The orthopaedic surgeon examined her and ordered blood work. An abnormality appeared, unfortunately. Her calcium levels were fine, but her phosphorus was extremely low. The surgeon diagnosed Karabeth with X-linked hypophosphatemic rickets. When I left the surgeon’s office, I remember sitting in my car and crying for two hours. I was devastated to learn that my baby girl had a rare disease. I felt so alone that day…like I was on a deserted island she too would face over her lifetime. 

Finding community

I immediately began searching the internet for any information regarding XLH. And to my surprise, I found an organisation called the XLH Network, Inc. In those days, it was merely a Listserv (an email based discussion group), but it was my beacon of hope for KB. I was able to connect with other XLH patients and parents of XLHers who had been living with the disease. It was my opportunity to learn as much about XLH as I could in an effort to help my daughter. 

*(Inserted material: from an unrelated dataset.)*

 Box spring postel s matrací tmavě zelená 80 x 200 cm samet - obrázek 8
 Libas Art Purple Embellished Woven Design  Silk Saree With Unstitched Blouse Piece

Through the network, I learned that XLH is a lifelong rare disease that affects up to 1 in 20,000 people. XLH impacts bones, muscles and teeth of XLH patients. This is due to excessive loss of phosphorus. Symptoms of XLH typically increase as patients age. XLHers have a mutation in a specific gene called the PHEX gene. This mutation causes the body to produce too much of a hormone called fibroblast growth factor 23 (FGF23). This protein attaches to kidney receptor cells inappropriately and when the level of FGF23 is elevated, too much phosphorus is depleted from the body by the kidneys. This process, known as phosphate wasting, causes the level of phosphorus in the blood to drop too low. This is known as hypophosphatemia, which can lead to soft bones and teeth, weak muscles, extreme fatigue and a host of other symptoms, including frontal (forehead) bossing and short stature. 

As we continued to learn more about XLH, we knew KB would need to be treated by several specialists. The specialists included an endocrinologist, orthopaedic surgeon, physical therapist, her paediatrician and later on, a psychologist. 

Navigating treatment and challenges

In addition to trying to increase her phosphorus to an appropriate level, we also focused on her significant leg bowing. When she was 18 months, KB started wearing braces. The braces attached at the heel of her shoe and went all the way up to her hip. The braces didn’t bend at the knee, so it was difficult for her to walk or to sit on the floor with other children at her preschool. Karabeth would have to use her upper body strength to be able to sit down on the floor or to get up off the floor. The doctors required us to put her braces on first thing in the morning when she woke up. She wore them all day, until we took them off at the end of the day before bath and bed. As you can imagine, the braces drew unwanted attention and made KB very self-conscious from an early age. 

Prior to her entry into kindergarten, we met with an orthopaedic surgeon located two hours away from our home town. The braces were clunky and cumbersome, and with no bend at the knee, we couldn’t envision sending KB to our local elementary school. How would she sit “criss cross applesauce” (cross legged) for story time? How would she be able to play outside at recess? How would she climb the stairs of the bus or the stairs at her school? The visit to the orthopaedic surgeon afforded us the opportunity to learn about other devices, besides braces, that could help straighten her legs from the bowing. 

During her lifetime, Karabeth’s legs have alternated between being bowed and knock kneed. She has had six double knee surgeries, which hasn’t been easy physically or mentally for her. She has also missed a fair amount of school due to doctor appointments, surgeries and recoveries. 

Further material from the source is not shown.